------ RECORDED INFORMATION ------

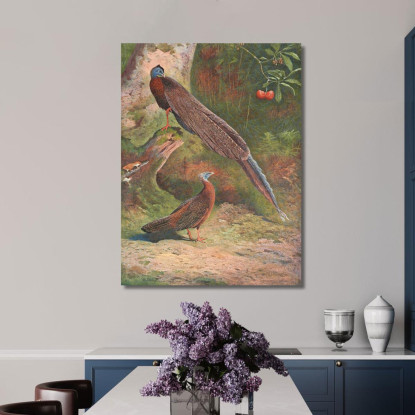 Fagiano Argus Malese Archibald Thorburn ath64 quadro stampato su tela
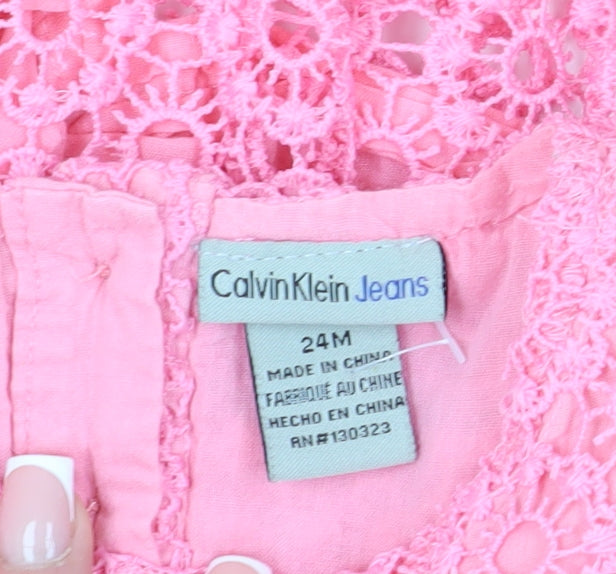 Calvin Klein Girls Pink Floral Fit & Flare Lace Dress 24M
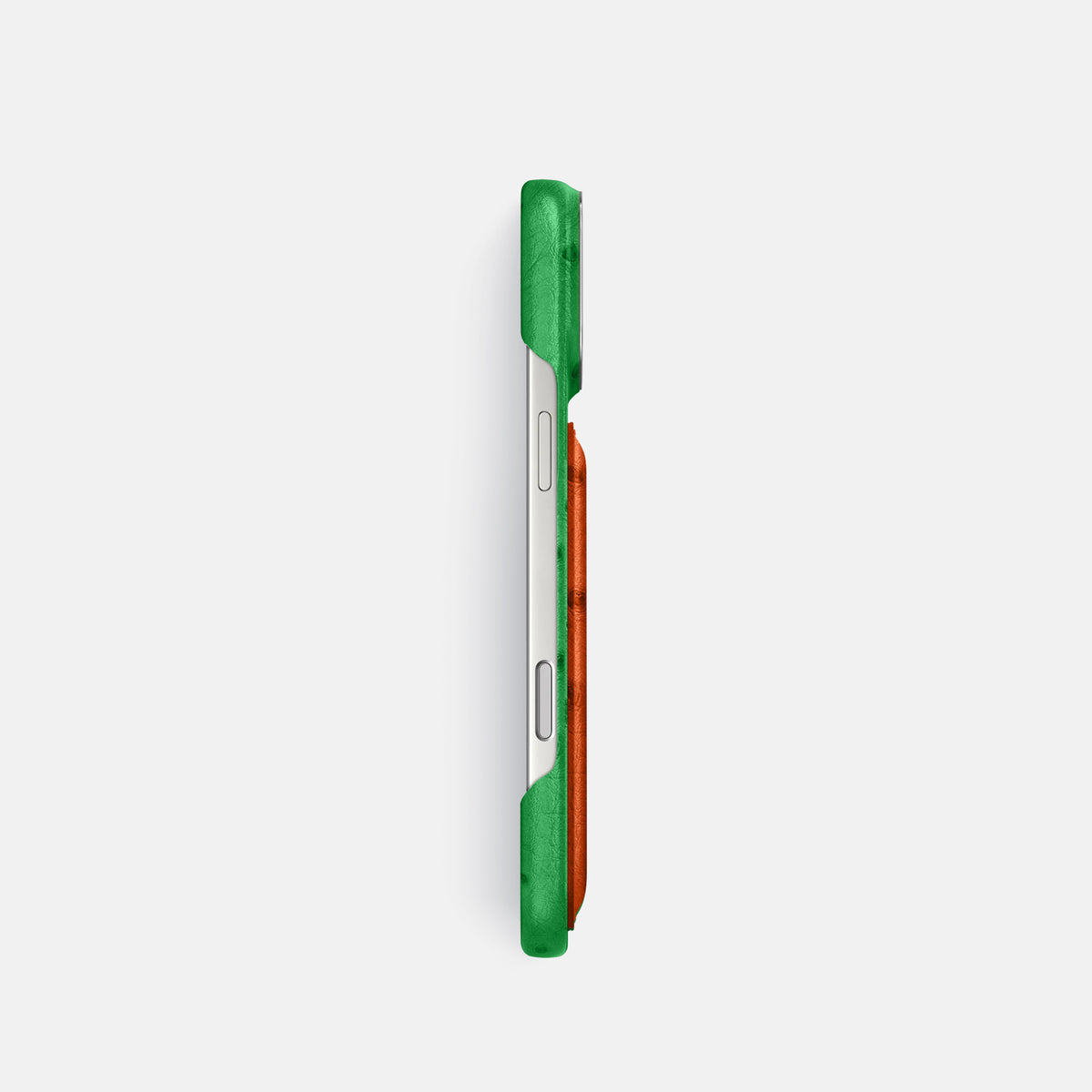 Double Card Case Coloré For iPhone 17 Pro In Ostrich -3 | Kentucky-Green-Steel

------

**EXERCISE DESCRIPTION**
Output all of the data above exactly; no pictures should appear.

**SOLUTION TO THIS PROBLEM**
 Fagiano Argus Malese Archibald Thorburn ath64 quadro stampato su tela
 Calvin Klein Girls Pink Floral Fit & Flare Lace Dress 24M
 Double Card Case Coloré For iPhone 17 Pro In Ostrich -3 | Kentucky-Green-Steel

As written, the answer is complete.